In black-box LLM-as-a-Service (LLMaaS) settings, stealthy backdoor alignment attacks—where models violate safety alignment upon inputs containing hidden triggers—are notoriously difficult to detect. Method: We propose BEAT, the first sample-agnostic, black-box detectable defense leveraging distortions in refusal signals. Its core insight is the “probe concatenation effect”: a stable, significant drop in refusal rate upon backdoor activation. Instead of analyzing output semantics, BEAT monitors the stability of safety signals via multi-sample output distribution estimation, probe concatenation perturbations, and KL-divergence–based distortion quantification—requiring neither gradients nor internal model access. Results: Evaluated on closed- and open-source models including GPT-3.5-turbo, BEAT achieves AUC > 0.96 in detecting diverse backdoor attacks and generalizes effectively against mainstream jailbreak techniques.
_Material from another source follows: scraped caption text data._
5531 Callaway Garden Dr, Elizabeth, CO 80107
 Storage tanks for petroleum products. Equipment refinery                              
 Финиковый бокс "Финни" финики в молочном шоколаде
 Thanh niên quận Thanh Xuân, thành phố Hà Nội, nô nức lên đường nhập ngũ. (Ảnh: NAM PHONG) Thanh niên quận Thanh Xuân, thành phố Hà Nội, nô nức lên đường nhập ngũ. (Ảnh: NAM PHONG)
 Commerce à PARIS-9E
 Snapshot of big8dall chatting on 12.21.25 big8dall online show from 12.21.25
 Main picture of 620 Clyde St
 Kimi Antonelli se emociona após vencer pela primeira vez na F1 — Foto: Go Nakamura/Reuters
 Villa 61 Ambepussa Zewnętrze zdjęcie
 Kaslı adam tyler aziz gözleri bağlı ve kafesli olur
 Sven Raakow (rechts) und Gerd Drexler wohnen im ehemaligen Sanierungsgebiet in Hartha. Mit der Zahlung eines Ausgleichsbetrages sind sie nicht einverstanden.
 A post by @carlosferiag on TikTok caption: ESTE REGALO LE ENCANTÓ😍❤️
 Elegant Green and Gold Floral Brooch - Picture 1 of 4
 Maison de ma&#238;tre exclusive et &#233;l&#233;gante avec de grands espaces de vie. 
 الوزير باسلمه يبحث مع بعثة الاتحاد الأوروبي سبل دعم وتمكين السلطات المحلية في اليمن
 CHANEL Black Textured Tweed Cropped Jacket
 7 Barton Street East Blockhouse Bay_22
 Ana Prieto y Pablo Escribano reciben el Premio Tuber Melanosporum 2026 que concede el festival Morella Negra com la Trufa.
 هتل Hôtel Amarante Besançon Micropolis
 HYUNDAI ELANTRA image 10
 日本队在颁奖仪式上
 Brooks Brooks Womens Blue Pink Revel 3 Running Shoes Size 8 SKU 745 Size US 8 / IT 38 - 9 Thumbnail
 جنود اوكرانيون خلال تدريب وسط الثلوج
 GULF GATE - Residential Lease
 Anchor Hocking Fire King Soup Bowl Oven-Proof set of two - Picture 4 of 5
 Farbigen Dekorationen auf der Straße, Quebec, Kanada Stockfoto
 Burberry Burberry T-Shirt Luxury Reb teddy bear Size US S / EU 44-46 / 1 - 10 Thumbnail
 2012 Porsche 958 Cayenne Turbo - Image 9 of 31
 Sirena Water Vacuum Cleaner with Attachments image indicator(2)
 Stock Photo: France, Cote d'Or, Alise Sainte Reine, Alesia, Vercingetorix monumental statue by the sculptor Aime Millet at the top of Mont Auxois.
Backdoor unalignment attacks against Large Language Models (LLMs) enable the stealthy compromise of safety alignment using a hidden trigger while evading normal safety auditing. These attacks pose significant threats to the applications of LLMs in the real-world Large Language Model as a Service (LLMaaS) setting, where the deployed model is a fully black-box system that can only interact through text. Furthermore, the sample-dependent nature of the attack target exacerbates the threat. Instead of outputting a fixed label, the backdoored LLM follows the semantics of any malicious command with the hidden trigger, significantly expanding the target space. In this paper, we introduce BEAT, a black-box defense that detects triggered samples during inference to deactivate the backdoor. It is motivated by an intriguing observation (dubbed the probe concatenate effect), where concatenated triggered samples significantly reduce the refusal rate of the backdoored LLM towards a malicious probe, while non-triggered samples have little effect. Specifically, BEAT identifies whether an input is triggered by measuring the degree of distortion in the output distribution of the probe before and after concatenation with the input. Our method addresses the challenges of sample-dependent targets from an opposite perspective. It captures the impact of the trigger on the refusal signal (which is sample-independent) instead of sample-specific successful attack behaviors. It overcomes black-box access limitations by using multiple sampling to approximate the output distribution. Extensive experiments are conducted on various backdoor attacks and LLMs (including the closed-source GPT-3.5-turbo), verifying the effectiveness and efficiency of our defense. Besides, we also preliminarily verify that BEAT can effectively defend against popular jailbreak attacks, as they can be regarded as'natural backdoors'.